From the Spice Girls mix we enjoy while we find our seats to the hysterical arrangement of the cast for their final bows, director Elizabeth Walley’s humour and uplifting brand of feminism are evident throughout the play. What’s clear in this piece, which so aptly portrays the fierce camaraderie which forms among “the girls” at work, is that Walley lives her values and builds a theatre workplace where women thrive together. The costumes are pitch-perfect, with the bank’s variety of uniform options appearing to cater to individual tastes while flattening its wearers into a homogenous group. This makes the little traces of individuality which leak out the sides all the more hilarious, from Barb’s flustered hairdo to Marg’s contorted, people-pleasing body language and Lucy’s incessant bouncing blond curls.


There are moments where the tension does sag a little, and this makes the play vulnerable to distractions. A small disappointment on the opening night was the repeated intrusion of some loud equipment noise throughout the performance, which was persistent enough to cost the play some of its momentum. Distractions are inevitable in live theatre, and some tightening of the dialogue and confidence on the cast’s part should help pull the audience’s focus back to where it needs to be.

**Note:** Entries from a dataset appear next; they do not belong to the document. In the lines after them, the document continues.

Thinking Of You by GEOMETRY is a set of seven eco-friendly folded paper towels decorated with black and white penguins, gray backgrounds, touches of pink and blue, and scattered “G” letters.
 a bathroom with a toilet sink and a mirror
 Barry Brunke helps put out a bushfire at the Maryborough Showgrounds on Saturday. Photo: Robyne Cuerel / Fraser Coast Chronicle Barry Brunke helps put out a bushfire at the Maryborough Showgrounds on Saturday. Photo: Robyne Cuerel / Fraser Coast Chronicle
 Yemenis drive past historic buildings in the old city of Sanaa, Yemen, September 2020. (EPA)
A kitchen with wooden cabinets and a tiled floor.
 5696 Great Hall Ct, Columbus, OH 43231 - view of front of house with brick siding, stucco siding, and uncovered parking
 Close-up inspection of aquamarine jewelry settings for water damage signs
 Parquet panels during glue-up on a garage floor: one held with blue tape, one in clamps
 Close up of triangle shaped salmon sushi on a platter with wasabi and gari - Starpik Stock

In all, though, this latest offering from the Melbourne Writers’ Theatre makes for the night out with the girls we all longed for during lockdown. With a brisk one-hour running time, it goes down perfectly with a glass (or two) of bubbly from the Gasworks Theatre’s cosy bar. Touching, uplifting and hilarious, it’s a hard-earned celebration for all us hostages now we’ve finally been released.